Phase relationship between displacement, velocity and acceleration of SHM
As we have seen that
x = A sin (ωt + φ)
v = A ω cos (ωt+ φ)
= Aω sin (ωt + φ + π/2)
And a= – Aω2 sin (ωt + φ)
= Aω2 sin (ω t + φ + π)
Thus, we conclude that in SHM, particle velocity is ahead in phase by π/2 as compared to the displacement and acceleration is further ahead in phase by π/2.
In figure, x, v and a as functions of time are illustrated.
Example: The equation of motion of a particle is given by dp/ dx + mω2n = 0, where p is the momentum and n is the position. Then, the particle
1. Moves along a straight line
2. Moves along a parabola
3. Execute simple harmonic motion
4. Falls freely under gravity
Solution: dp/dt = – mω2n
dp/dt = rate of change of momentum
= F (force)
∴ F = – mω2n
m and ω are constants
∴ F α – n
Force α displacement
So, this is the condition for simple harmonic motion, so the particle will execute simple harmonic motion.

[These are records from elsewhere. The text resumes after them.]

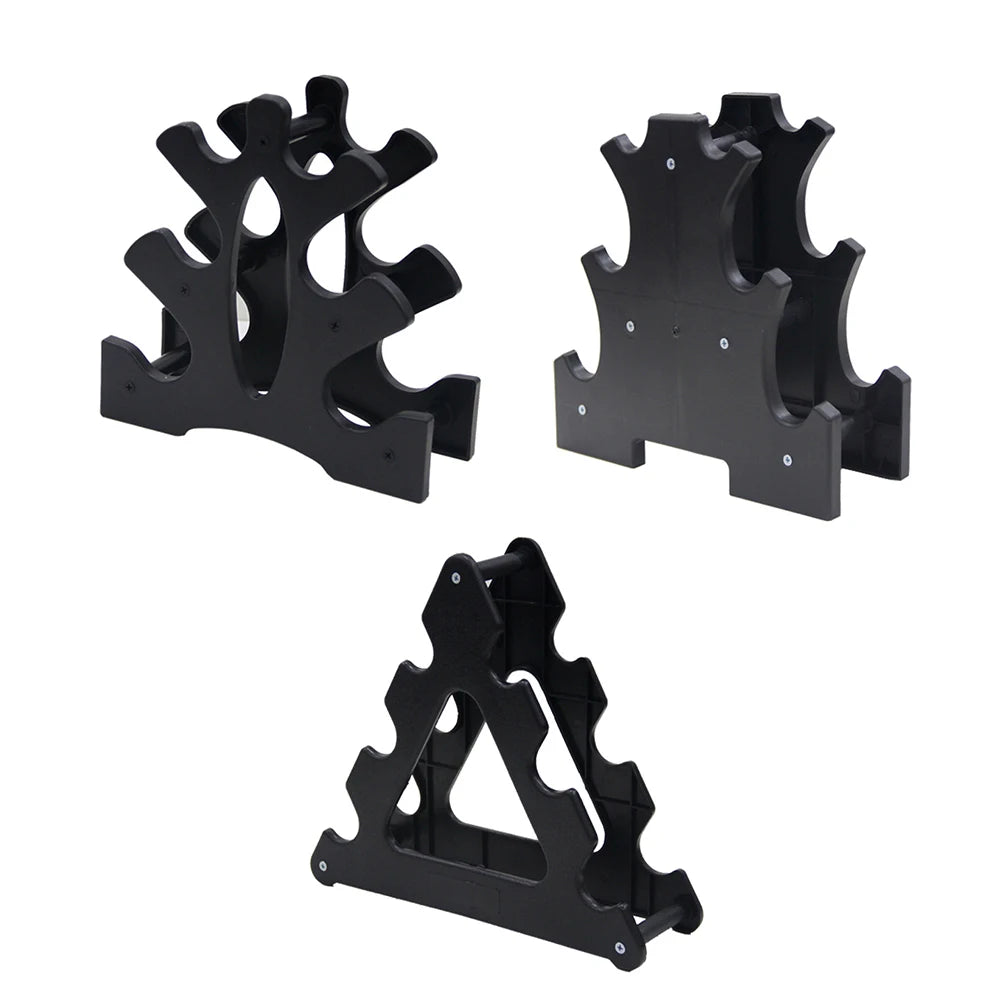 Dumbbell Rack 3 Tier Weight Storage Organizer Compact Weight Rack for Dumbbells Small for Home Gym Organization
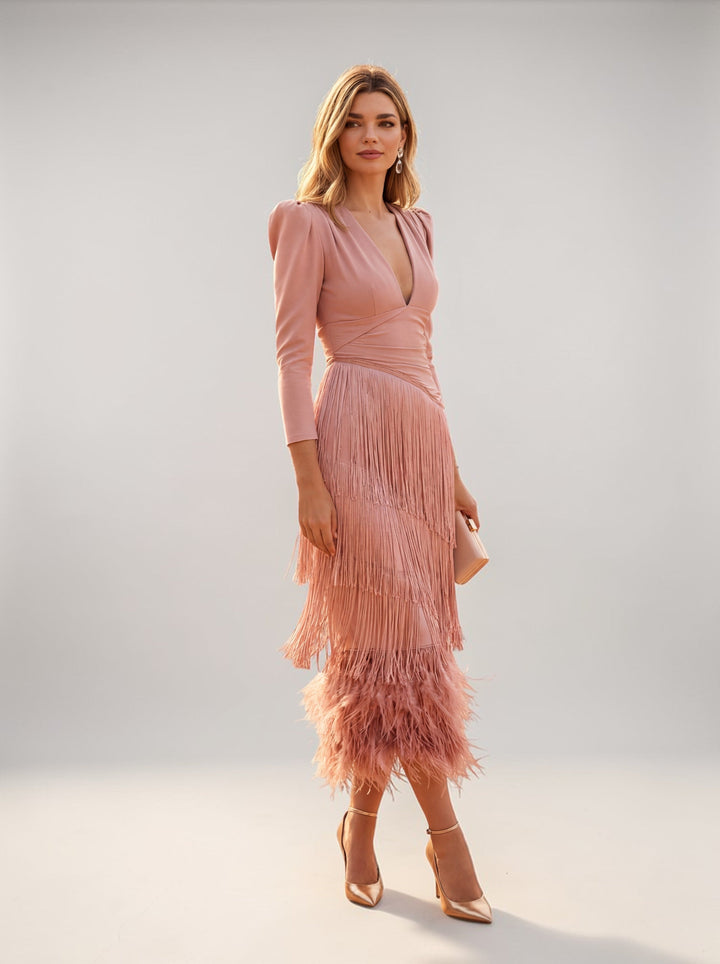 Sofia | Elegant Fringe Dress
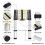 2.6M Extendable Aluminium Telescopic Ladder DIY Tool Max Load 150KG 8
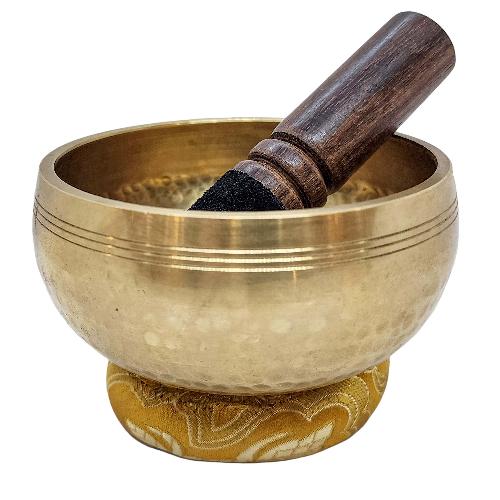 Hand Hammered Singing Bowls [casting], [brass], [select Accessories]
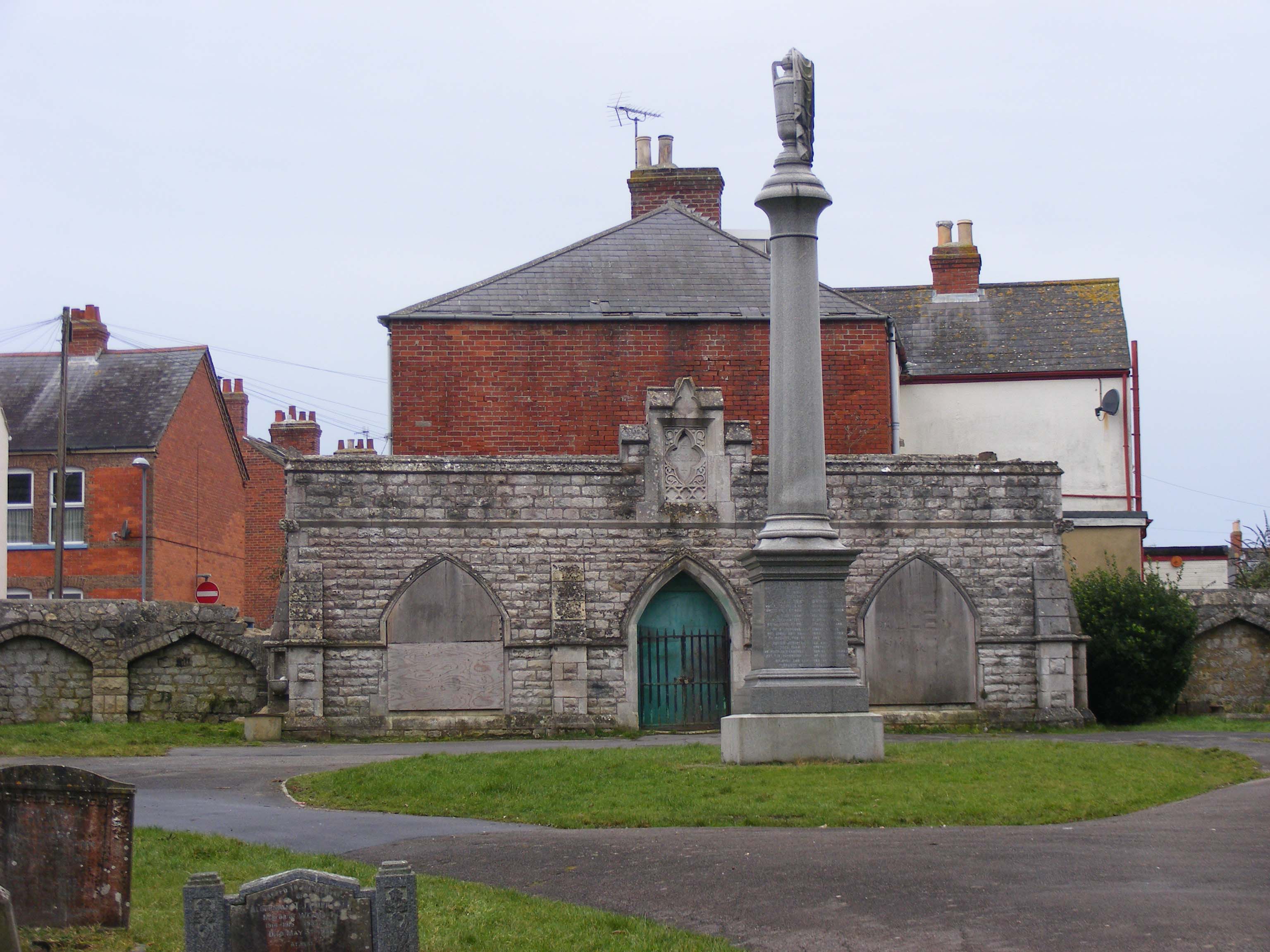 Melcombe Regis burying ground memorial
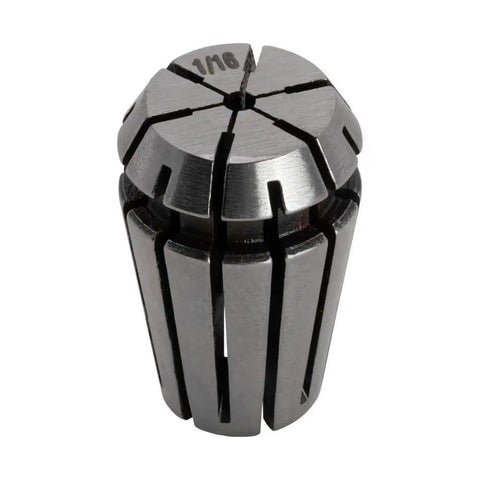 ER-11 spring collet for 1/16 inch chuck, hardened steel precision holder for clamping fixtures and tool replacement.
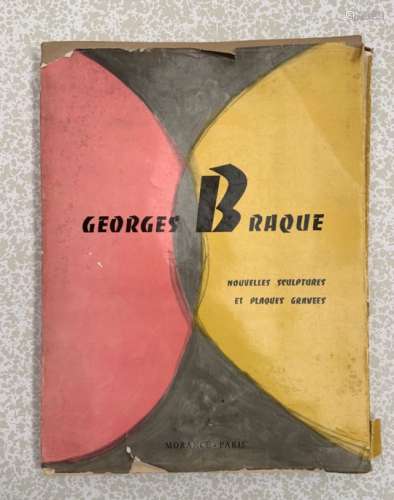 BRAQUE (Georges) & ZERVOS (Christian). -Nouvelles sculptures et plaques [...]
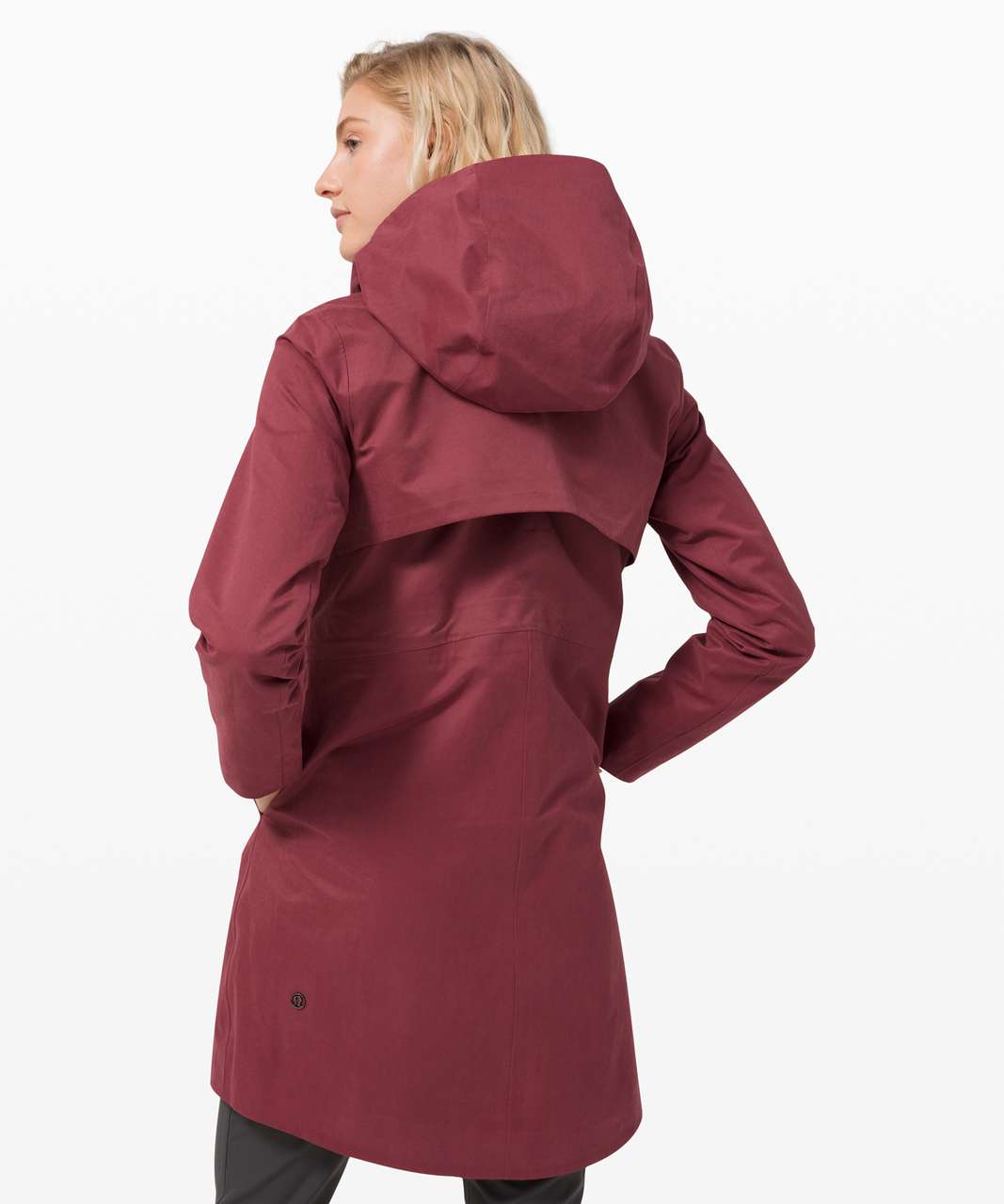 Lululemon Rain Rebel Jacket *Cotton - Chianti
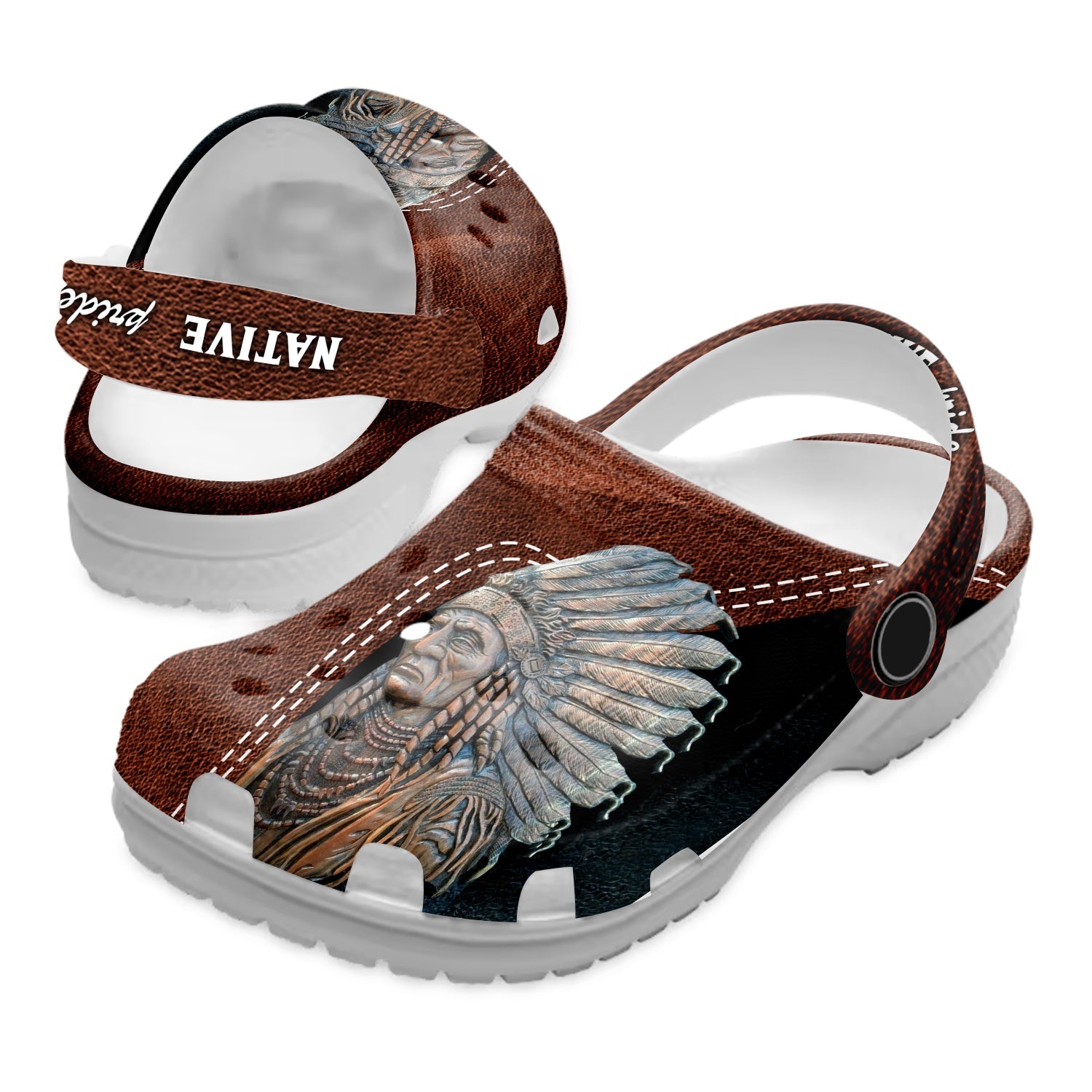 Footwearmerch Native American Native Pattern Crocs Clog Shoes For Kid and Adult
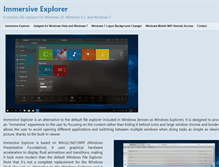 Tablet Screenshot of immersive-explorer.com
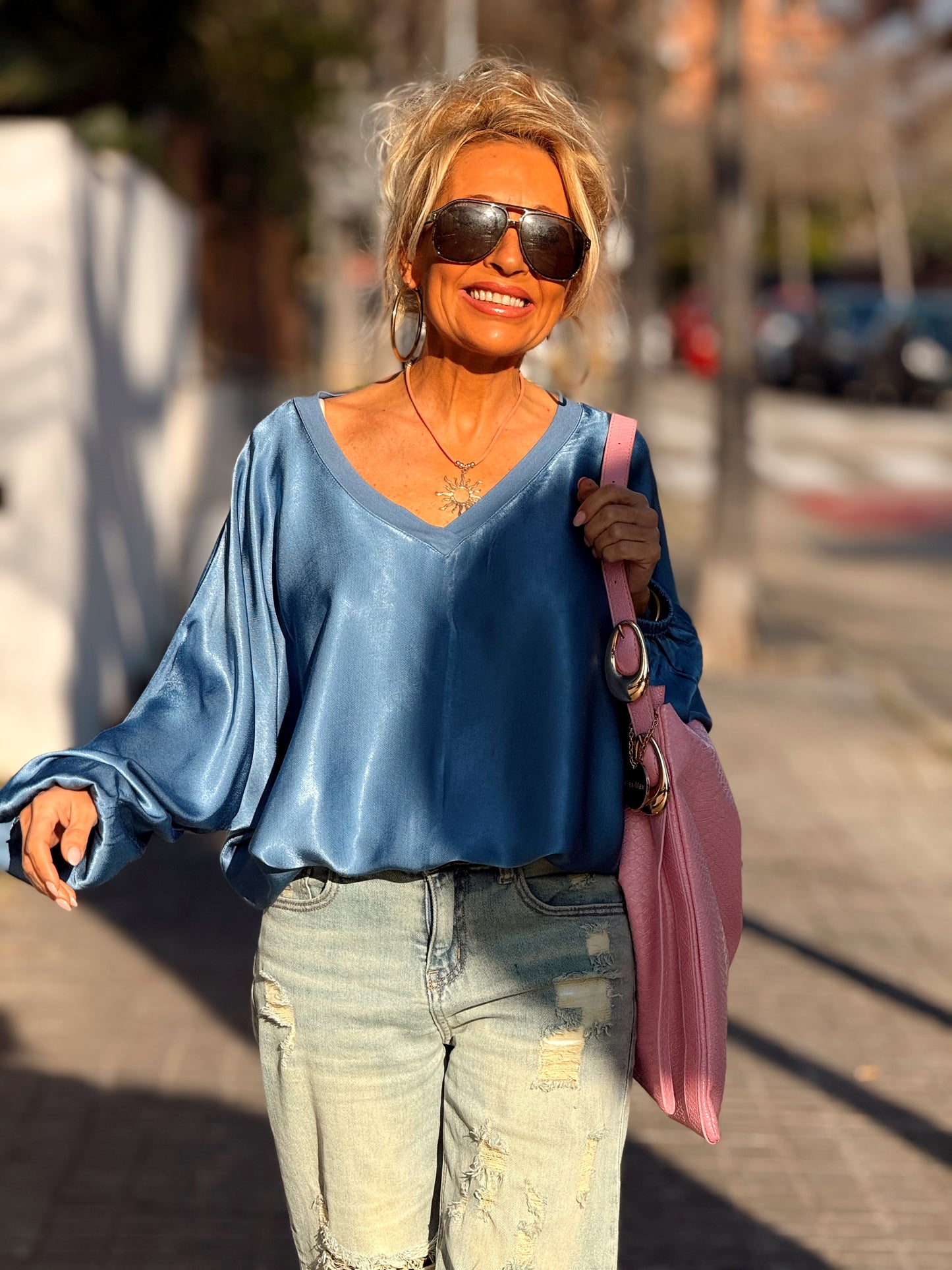 BLUSA OVERSIZE ZIGGY MULTICOLOR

Example: A particle executing simple harmonic motion has an amplitude of 6 cm. Its acceleration at a distance from the mean position 2 cm is 8 cm s-2. The maximum speed of the particle
Solution: Amplitude, a = 6 cm
Displacement, y = 2 cm
Acceleration, A = 8 cm, s-2
A = ω2y
ω = 2 rads-1
Maximum speed, Vmax = aω = 6 x 2
= 12 cm s-1